[Material provided — start]
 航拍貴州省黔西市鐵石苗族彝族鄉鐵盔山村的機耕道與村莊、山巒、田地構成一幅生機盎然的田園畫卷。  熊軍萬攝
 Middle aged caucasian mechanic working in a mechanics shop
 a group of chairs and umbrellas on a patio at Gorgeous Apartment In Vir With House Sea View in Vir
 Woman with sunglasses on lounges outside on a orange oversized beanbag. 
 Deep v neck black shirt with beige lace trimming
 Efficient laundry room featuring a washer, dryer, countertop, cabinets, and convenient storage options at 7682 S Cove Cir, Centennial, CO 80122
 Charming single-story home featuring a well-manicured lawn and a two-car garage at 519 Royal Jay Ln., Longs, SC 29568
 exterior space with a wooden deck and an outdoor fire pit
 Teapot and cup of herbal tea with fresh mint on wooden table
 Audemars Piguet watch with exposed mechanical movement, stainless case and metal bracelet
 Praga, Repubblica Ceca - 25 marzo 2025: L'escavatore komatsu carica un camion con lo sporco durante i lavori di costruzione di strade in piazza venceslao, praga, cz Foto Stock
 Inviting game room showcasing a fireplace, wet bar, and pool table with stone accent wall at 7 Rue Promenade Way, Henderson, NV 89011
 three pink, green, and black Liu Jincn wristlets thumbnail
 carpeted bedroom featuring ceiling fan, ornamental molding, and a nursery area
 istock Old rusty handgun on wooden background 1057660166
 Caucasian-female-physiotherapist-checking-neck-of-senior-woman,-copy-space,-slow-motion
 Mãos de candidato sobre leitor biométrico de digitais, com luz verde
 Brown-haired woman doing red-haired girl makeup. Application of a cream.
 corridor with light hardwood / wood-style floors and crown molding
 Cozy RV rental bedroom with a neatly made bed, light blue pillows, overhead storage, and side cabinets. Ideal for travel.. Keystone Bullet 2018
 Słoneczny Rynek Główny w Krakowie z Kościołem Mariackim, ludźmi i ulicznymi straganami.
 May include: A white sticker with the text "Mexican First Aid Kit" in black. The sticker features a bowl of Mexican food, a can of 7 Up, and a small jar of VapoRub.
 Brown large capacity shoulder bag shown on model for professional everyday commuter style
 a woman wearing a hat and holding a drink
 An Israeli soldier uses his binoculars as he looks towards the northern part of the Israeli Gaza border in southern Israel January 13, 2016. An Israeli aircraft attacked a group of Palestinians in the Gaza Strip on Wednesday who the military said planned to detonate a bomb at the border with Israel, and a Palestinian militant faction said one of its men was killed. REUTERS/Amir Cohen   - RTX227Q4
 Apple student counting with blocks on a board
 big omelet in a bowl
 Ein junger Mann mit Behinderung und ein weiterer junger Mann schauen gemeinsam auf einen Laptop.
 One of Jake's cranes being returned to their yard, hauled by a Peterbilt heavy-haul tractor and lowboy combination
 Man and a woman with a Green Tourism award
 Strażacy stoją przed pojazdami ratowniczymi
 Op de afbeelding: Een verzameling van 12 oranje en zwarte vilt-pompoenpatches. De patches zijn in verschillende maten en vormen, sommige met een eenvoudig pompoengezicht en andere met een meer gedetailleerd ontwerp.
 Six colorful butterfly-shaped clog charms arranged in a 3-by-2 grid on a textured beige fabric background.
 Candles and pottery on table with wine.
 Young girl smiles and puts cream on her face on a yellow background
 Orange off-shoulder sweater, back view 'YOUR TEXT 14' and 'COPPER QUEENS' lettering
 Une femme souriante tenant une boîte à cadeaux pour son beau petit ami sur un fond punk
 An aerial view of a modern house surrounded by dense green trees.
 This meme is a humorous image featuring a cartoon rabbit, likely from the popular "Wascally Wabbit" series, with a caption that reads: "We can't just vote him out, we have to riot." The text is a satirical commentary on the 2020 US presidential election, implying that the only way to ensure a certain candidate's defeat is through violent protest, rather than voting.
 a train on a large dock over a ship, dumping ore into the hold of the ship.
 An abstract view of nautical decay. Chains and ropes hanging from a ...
[Material provided — finish]
The problem: Would you copy out exactly the lines above that start at the one containing "istock Old rusty" and end at the one containing "Słoneczny Rynek Główny", inclusive?

Solution to this problem:
 istock Old rusty handgun on wooden background 1057660166
 Caucasian-female-physiotherapist-checking-neck-of-senior-woman,-copy-space,-slow-motion
 Mãos de candidato sobre leitor biométrico de digitais, com luz verde
 Brown-haired woman doing red-haired girl makeup. Application of a cream.
 corridor with light hardwood / wood-style floors and crown molding
 Cozy RV rental bedroom with a neatly made bed, light blue pillows, overhead storage, and side cabinets. Ideal for travel.. Keystone Bullet 2018
 Słoneczny Rynek Główny w Krakowie z Kościołem Mariackim, ludźmi i ulicznymi straganami.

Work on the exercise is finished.